Test without bmi2 as well - the pass currently runs on that too.

aymanmus updated this revision to Diff 115575.Sep 17 2017, 8:17 AM
aymanmus retitled this revision from [X86] Recognize constant arrays with special values and replace loads from it with subtract and shift instructions, which then may be replaced by BZHI machine instruction. to [X86] Recognize constant arrays with special values and replace loads from it with subtract and shift instructions, which then will be replaced by X86 BZHI machine instruction..
aymanmus edited the summary of this revision. (Show Details)

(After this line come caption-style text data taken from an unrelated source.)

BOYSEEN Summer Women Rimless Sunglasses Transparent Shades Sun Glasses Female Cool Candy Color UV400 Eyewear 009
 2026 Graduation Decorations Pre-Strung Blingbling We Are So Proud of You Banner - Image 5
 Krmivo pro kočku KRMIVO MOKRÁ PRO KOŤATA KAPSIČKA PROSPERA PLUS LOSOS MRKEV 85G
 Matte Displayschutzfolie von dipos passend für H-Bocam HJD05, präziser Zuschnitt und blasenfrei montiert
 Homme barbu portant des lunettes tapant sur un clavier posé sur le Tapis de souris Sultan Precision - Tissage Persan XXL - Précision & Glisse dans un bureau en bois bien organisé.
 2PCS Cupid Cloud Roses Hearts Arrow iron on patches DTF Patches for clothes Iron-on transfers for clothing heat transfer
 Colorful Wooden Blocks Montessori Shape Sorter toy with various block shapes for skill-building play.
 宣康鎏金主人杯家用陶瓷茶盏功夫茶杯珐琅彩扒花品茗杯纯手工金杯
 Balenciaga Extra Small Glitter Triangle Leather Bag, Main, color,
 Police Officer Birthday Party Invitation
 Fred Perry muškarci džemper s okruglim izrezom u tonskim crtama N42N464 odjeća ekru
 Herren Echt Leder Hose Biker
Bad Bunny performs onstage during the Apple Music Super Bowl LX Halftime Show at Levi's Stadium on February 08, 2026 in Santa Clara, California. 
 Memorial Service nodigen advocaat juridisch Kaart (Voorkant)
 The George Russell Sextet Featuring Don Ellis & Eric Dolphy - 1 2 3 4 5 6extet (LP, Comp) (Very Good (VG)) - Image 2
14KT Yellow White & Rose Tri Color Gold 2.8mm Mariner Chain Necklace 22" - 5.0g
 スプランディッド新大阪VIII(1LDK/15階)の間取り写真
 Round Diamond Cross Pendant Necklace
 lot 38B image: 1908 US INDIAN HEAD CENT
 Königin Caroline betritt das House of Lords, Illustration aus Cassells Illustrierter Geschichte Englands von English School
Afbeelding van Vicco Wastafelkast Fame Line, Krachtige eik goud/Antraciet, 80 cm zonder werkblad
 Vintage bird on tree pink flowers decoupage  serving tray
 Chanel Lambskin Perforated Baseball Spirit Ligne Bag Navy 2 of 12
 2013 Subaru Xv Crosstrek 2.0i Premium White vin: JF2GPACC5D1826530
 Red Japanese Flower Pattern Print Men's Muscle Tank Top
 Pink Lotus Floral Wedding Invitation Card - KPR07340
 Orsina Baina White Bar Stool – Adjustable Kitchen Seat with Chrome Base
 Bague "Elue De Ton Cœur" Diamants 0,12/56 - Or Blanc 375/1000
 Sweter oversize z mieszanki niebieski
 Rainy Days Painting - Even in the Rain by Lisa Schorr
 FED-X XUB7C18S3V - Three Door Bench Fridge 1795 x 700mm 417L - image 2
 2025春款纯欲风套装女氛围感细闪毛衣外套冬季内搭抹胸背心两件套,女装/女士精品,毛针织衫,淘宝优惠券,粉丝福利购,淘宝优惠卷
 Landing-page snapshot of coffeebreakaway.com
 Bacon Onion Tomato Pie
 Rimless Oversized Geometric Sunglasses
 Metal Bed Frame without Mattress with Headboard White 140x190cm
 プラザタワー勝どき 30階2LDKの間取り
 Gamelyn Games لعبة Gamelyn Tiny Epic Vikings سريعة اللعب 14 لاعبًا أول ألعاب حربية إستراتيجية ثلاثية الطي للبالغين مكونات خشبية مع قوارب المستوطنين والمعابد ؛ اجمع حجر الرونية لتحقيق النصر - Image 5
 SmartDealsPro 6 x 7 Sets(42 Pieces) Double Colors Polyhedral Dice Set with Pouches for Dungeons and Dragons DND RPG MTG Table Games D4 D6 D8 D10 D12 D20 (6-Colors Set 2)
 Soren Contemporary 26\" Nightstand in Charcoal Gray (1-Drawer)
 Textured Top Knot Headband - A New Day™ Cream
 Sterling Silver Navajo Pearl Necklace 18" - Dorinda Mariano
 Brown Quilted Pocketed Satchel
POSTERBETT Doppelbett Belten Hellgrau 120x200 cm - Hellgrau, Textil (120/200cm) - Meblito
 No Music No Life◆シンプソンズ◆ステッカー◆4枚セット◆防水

Total redesign to the previous solution.
moved the transformation to a more "natural" area.

aymanmus updated this revision to Diff 115626.Sep 18 2017, 5:31 AM

Kind ping #2

Please submit the same test cases before optimization.

aymanmus updated this revision to Diff 119825.Oct 23 2017, 3:30 AM
m_zuckerman added inline comments.Oct 29 2017, 10:12 AM
lib/Target/X86/X86ISelLowering.cpp
32204

align the line

32227

Can you explain why the element must to be a global variable?

32232
  1. please clarify this if (add comments)
  2. Why you need also the isa<ConstantDataArray>(Init) ,is it not the same as GV->isConstant()?
32254

What about 64 bit?

32258

You can write
SDValue Inp = Node->getOperand(1-i);

aymanmus marked an inline comment as done.Nov 13 2017, 3:50 AM
aymanmus added inline comments.
lib/Target/X86/X86ISelLowering.cpp
32227

Clang will always hoist a local constant array to be global in LLVM IR.

32232

The second condition makes sure that it is a constant data *array*. GV->isConstant does not.

32254

It's only an example for the 32-bit case, the same happens for 64 as well.

LGTM with no one has nothing to add !!!

m_zuckerman accepted this revision.Dec 12 2017, 3:37 AM
This revision is now accepted and ready to land.Dec 12 2017, 3:37 AM
This revision was automatically updated to reflect the committed changes.